We currently estimate that we will incur total costs and charges of approximately $4 to $4.5 million in connection with this consolidation plan. Of this total, we currently estimate that approximately $3.7 million, or $0.07 per share, will be incurred over the balance of the current fiscal year which ends in March 2008. For the quarter ending December 31, 2007, we currently estimate that we will incur approximately $2.8 million. No tax benefit is currently expected to be associated with these charges and they are expected to reduce GAAP EPS by $0.06 per share in the third quarter in comparison to the previously provided guidance in our press release dated October 23, 2007.

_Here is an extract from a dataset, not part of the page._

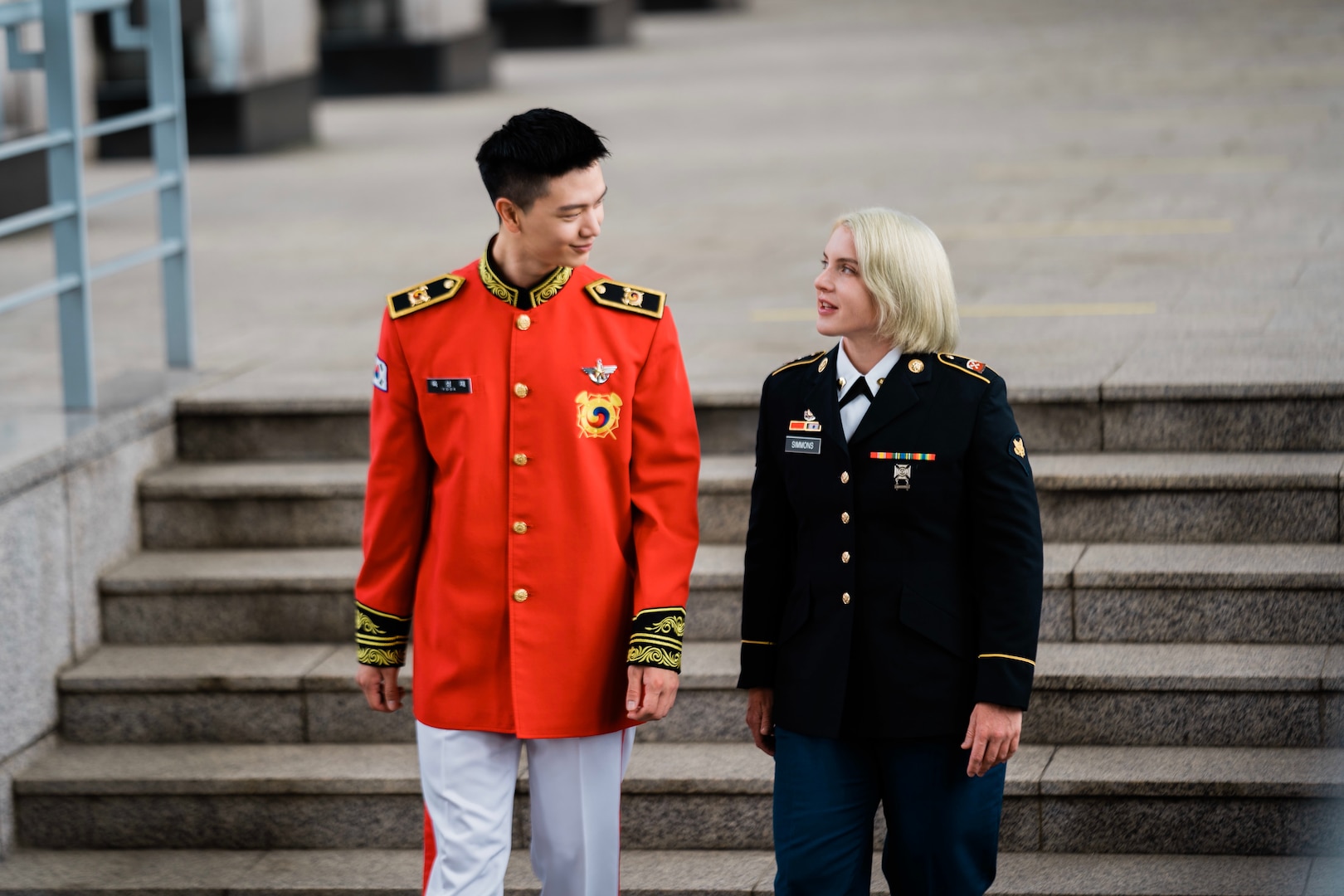 ROK Army Sgt. Yook Sung-jae in dress uniform is standing on the left while U.S. Army Spc. Brittany D. Simmons in dress uniform is standing on the right and both are looking at one another, talking. Behind them is a blurred stairway from inside of the War Memorial of Korea.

The preliminary estimates of the total costs and charges of $4 to $4.5 million in connection with this consolidation plan consist of approximately $2.2 million in non-cash charges for accelerated depreciation and fixed asset write-offs, and the balance in cash charges for severance and other non-recurring costs associated with the plan.
We believe we will recover the costs associated with this plan through reduced future expenses within two calendar years, and that the net present value of the cash flows associated with the plan is positive in comparison to the alternative of continuing with the current cost structure.